## Exercise objective
The expected answer is the set of lines in the data below between the line holding "Tropical Tiger Light" and the line holding "FM FURNITURE Ace", inclusive, written out exactly.

## Excerpted records
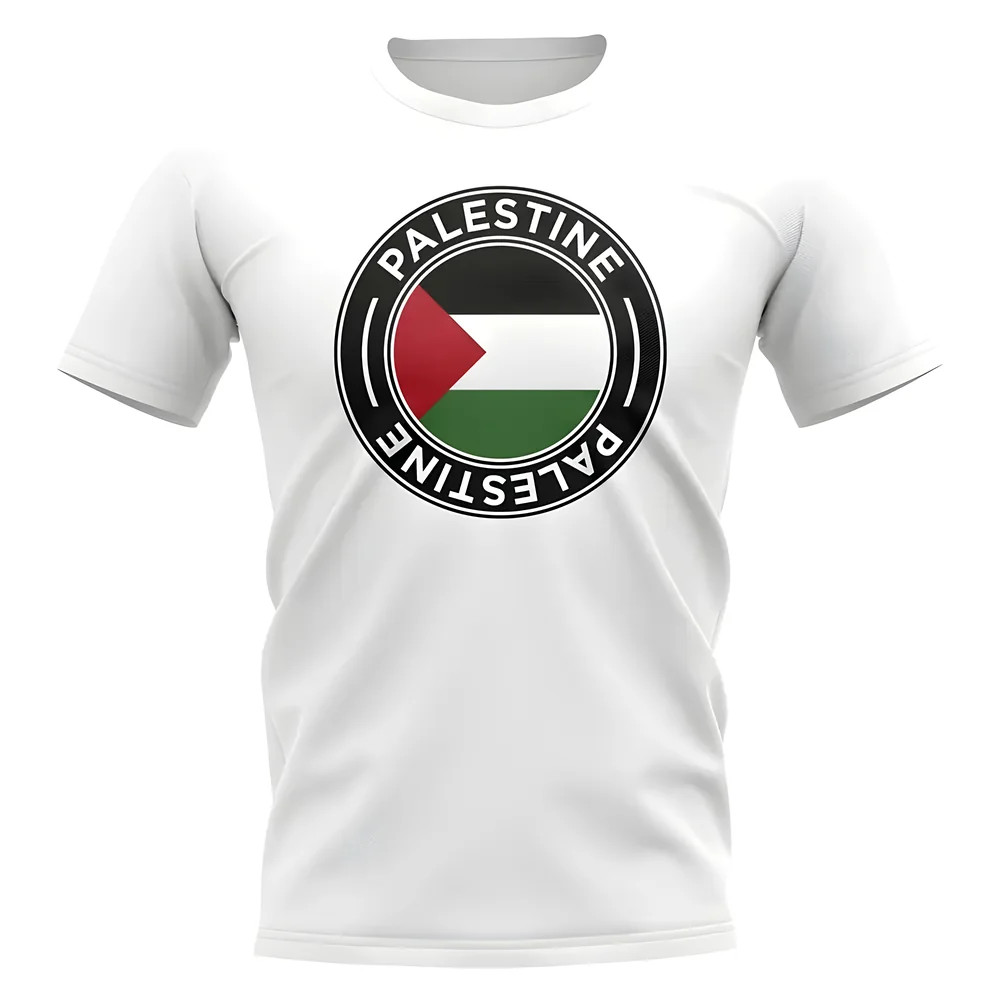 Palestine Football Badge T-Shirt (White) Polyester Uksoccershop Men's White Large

--

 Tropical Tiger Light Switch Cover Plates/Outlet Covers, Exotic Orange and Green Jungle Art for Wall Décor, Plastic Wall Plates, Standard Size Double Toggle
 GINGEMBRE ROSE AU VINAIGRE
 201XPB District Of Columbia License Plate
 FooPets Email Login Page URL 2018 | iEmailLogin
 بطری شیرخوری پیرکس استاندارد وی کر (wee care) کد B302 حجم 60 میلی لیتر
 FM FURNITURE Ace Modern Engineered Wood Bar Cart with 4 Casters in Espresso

--

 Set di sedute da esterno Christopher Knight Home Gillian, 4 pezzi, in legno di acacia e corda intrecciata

## Your response
 Tropical Tiger Light Switch Cover Plates/Outlet Covers, Exotic Orange and Green Jungle Art for Wall Décor, Plastic Wall Plates, Standard Size Double Toggle
 GINGEMBRE ROSE AU VINAIGRE
 201XPB District Of Columbia License Plate
 FooPets Email Login Page URL 2018 | iEmailLogin
 بطری شیرخوری پیرکس استاندارد وی کر (wee care) کد B302 حجم 60 میلی لیتر
 FM FURNITURE Ace Modern Engineered Wood Bar Cart with 4 Casters in Espresso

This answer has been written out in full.